Bezug zum Verkäufer wichtig

„Es gibt bestimmt Produkte, in denen der persönliche Bezug zum Verkäufer besonders wichtig ist“, sagt Klatt. Dazu gehöre auch die Brille. Nachdem Mr. Spex bislang schon Kontakt über 560 Partner-Optiker zum Kunden gehalten hat, die etwa Augenmessungen für den Online-Händler übernehmen, hat dieser nun damit begonnen, auch ein eigenes Netz mit aufwändig gestalteten Filialen zu errichten.
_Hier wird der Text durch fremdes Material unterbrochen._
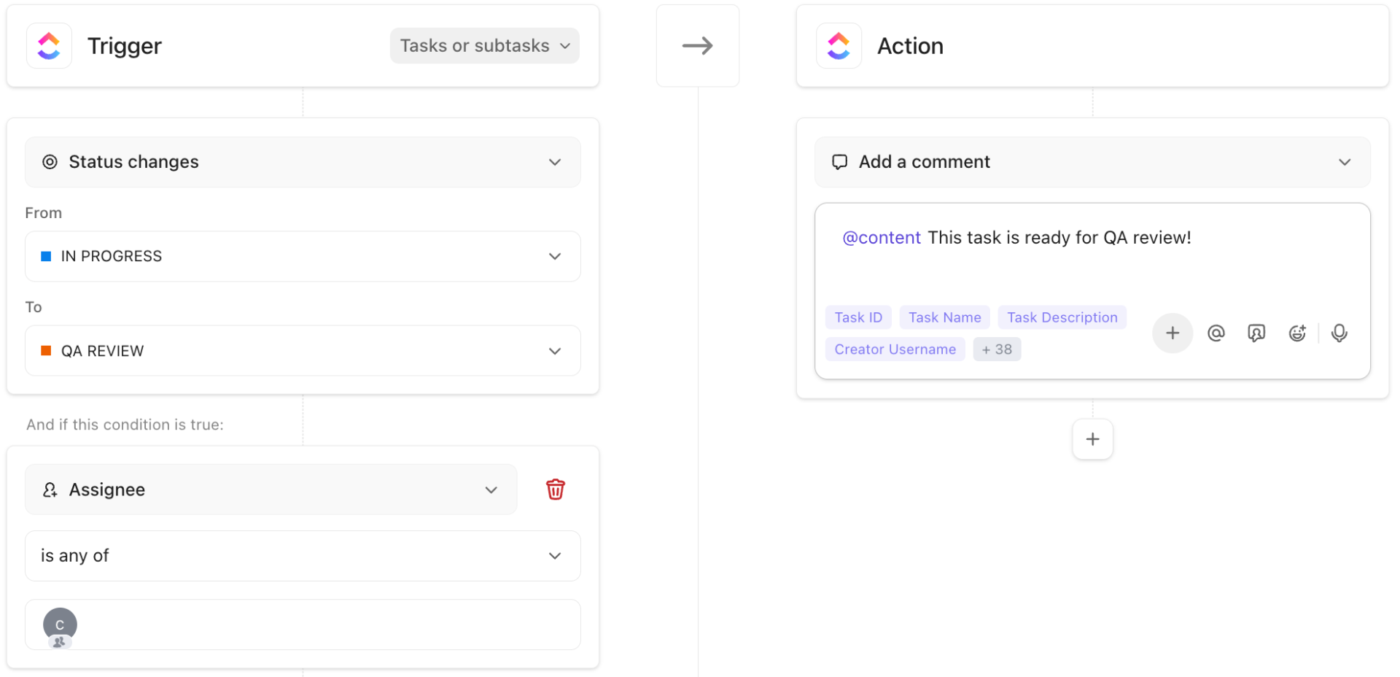 ClickUp Automations: Eliminate repetitive tasks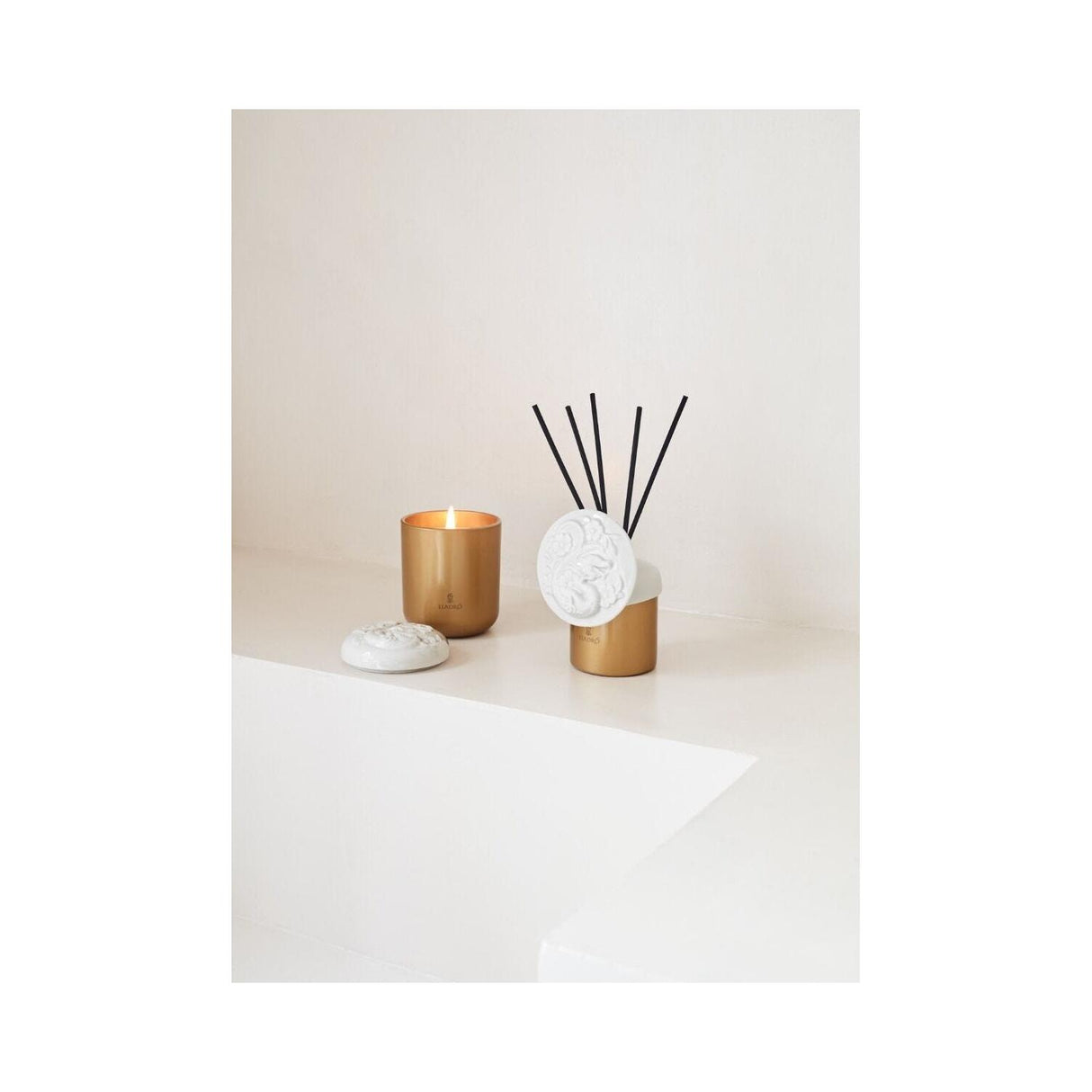 LLADRO' Diffusore Profumo Drago Redwood Fire 21x9cm Porcellana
„Ohne Frequenz werden wir keine Chance haben“, ist Modehändler Andor Baltz überzeugt.
„Ohne Frequenz werden wir keine Chance haben“, ist Modehändler Andor Baltz überzeugt. © Klaus Pollkläsener

Die Konkurrenz des heimischen Handels steht also buchstäblich vor der Tür und profitiert damit von allen Maßnahmen der Geschäftsleute, das Flanieren, Gucken und Kaufen vor Ort so attraktiv wie möglich zu machen. „Im Mittelpunkt steht das Erlebnis, in die Stadt zu kommen“, beschreibt IBO-Mitglied Tim Thelen das Ziel heimischer Unternehmen. „Ohne Frequenz werden wir keine Chance haben“, ergänzt Andor Baltz.